It’s not a summer camp near the town of Damascus, nor is it a boot camp. It is, believe it or not, a three-year, partly residential apprenticeship scheme, run in partnership with consultancy Flagship Training and the Royal Navy, at the navy training facilities near Portsmouth. “It has the X-factor: it’s not just an apprenticeship scheme, it’s an apprenticeship scheme-plus,” Alexander says. And he’s not wrong – it’s the overall winner of this year’s People Management Award.
Network Rail’s advanced apprenticeship scheme shows just how far the organisation has come in a short time. When Network Rail took over the reins from the defunct Railtrack in 2002, which had in turn taken over from British Rail in 1994, it had an enormous job on its hands. First, since privatisation, a large number of maintenance and engineering functions had been contracted out to a number of suppliers. Simply understanding who did what, and where, was time-consuming enough. When the decision was made to take all these functions back in-house the overview was clearer, but the size of the company more than doubled to 32,000 staff overnight.
With the fallout from the disasters at Hatfield and Potters Bar still fresh in people’s memories, the company also inherited a beleaguered staff. It needed a culture change and decided that a huge investment in training and development was the way forward. Aiming to become a “world class” company, Network Rail rustled up a leadership development centre, a revitalised graduate programme, a foundation degree in railway engineering in partnership with Sheffield Hallam University, and five new training centres.
But something was missing. Plenty was being done to right the wrongs of the past and to change the fortunes of the present, but what of the future? Traditionally, the future in engineering organisations is fuelled by local apprenticeships. But if there was anything Network Rail didn’t want to follow, it was the traditional route. “When we decided to in-source all the contracts, we inherited about 450 apprentices, on about 73 different schemes, at 73 different colleges around the country. Some had good academic development, some had none at all,” says Alexander. “Whatever they were originally promised, we did our best to see that through. But after that we wanted to start with a clean slate.”
The company knew from the off that a large-scale programme was needed if real change was to take place – perhaps 200-300 apprentices a year.
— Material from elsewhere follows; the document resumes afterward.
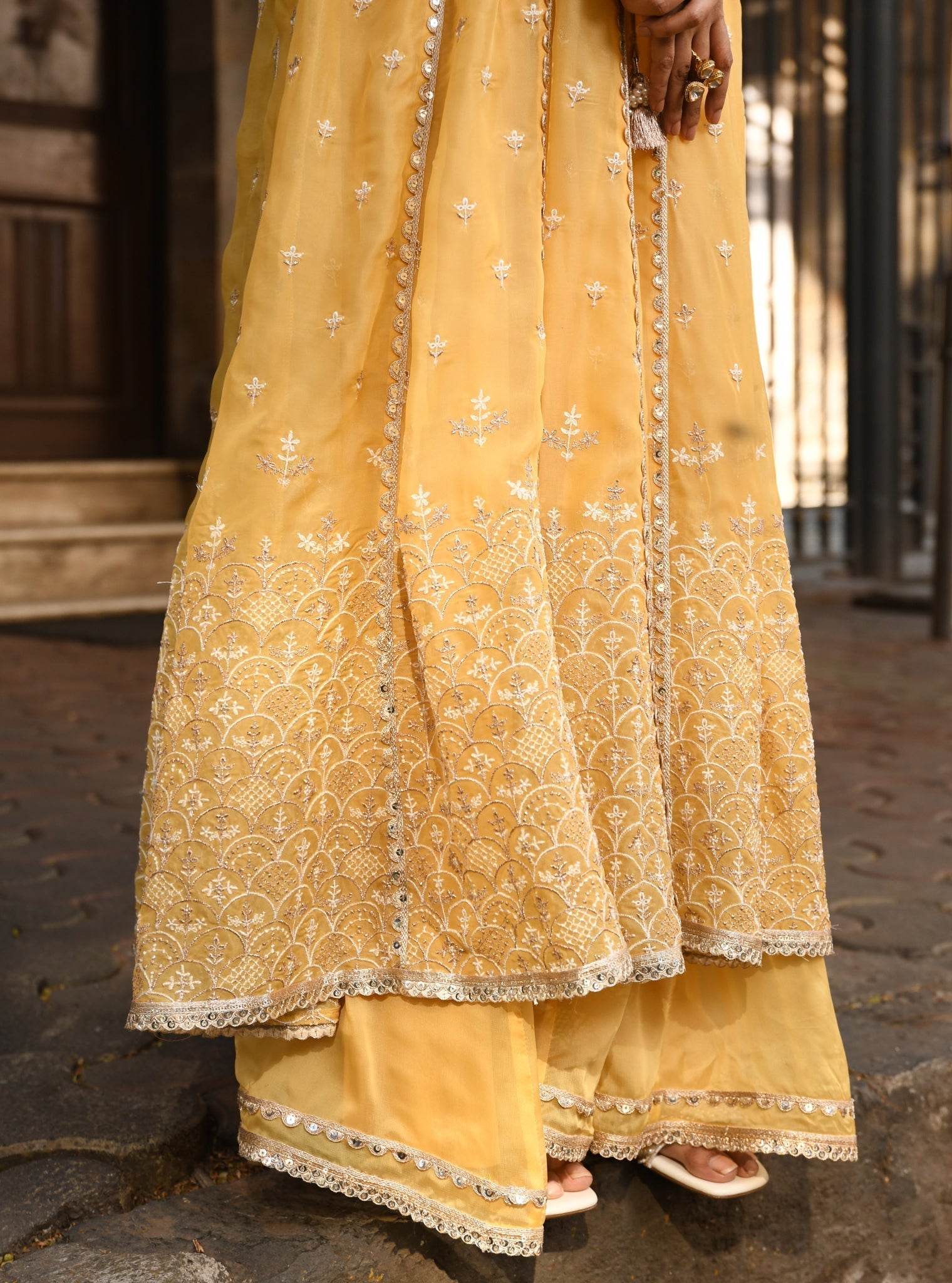 Sheri Organza Anarkali Yellow Kurta with Sharara Set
Along with Nigel Ward, now Network Rail’s apprentice development manager, Alexander set about visiting colleges. “In terms of economy of scale nothing was quite right,” Ward says. “The administrative responsibilities for apprentices are quite intense, so to have eight colleges [the minimum required to cover all the key regions] and eight different programmes simply wouldn’t work.”
Then came the Damascus moment. “We came across the Flagship option: a centralised training facility, where we could specify the exact course content, with a residential offering, meaning we could put all the apprentices in one location and manage them. And as it’s a military establishment, there’s the culture and structure, the military ethos,” explains Alexander. “And the size of the place meant we could bring in as much railway equipment as was practical for them to work on. Here we had the opportunity to have 200-plus apprentices in one place being trained, but also we’d be able to house them, and work on their teamwork skills, to create a cadre of technicians with strong relationships all over the country.”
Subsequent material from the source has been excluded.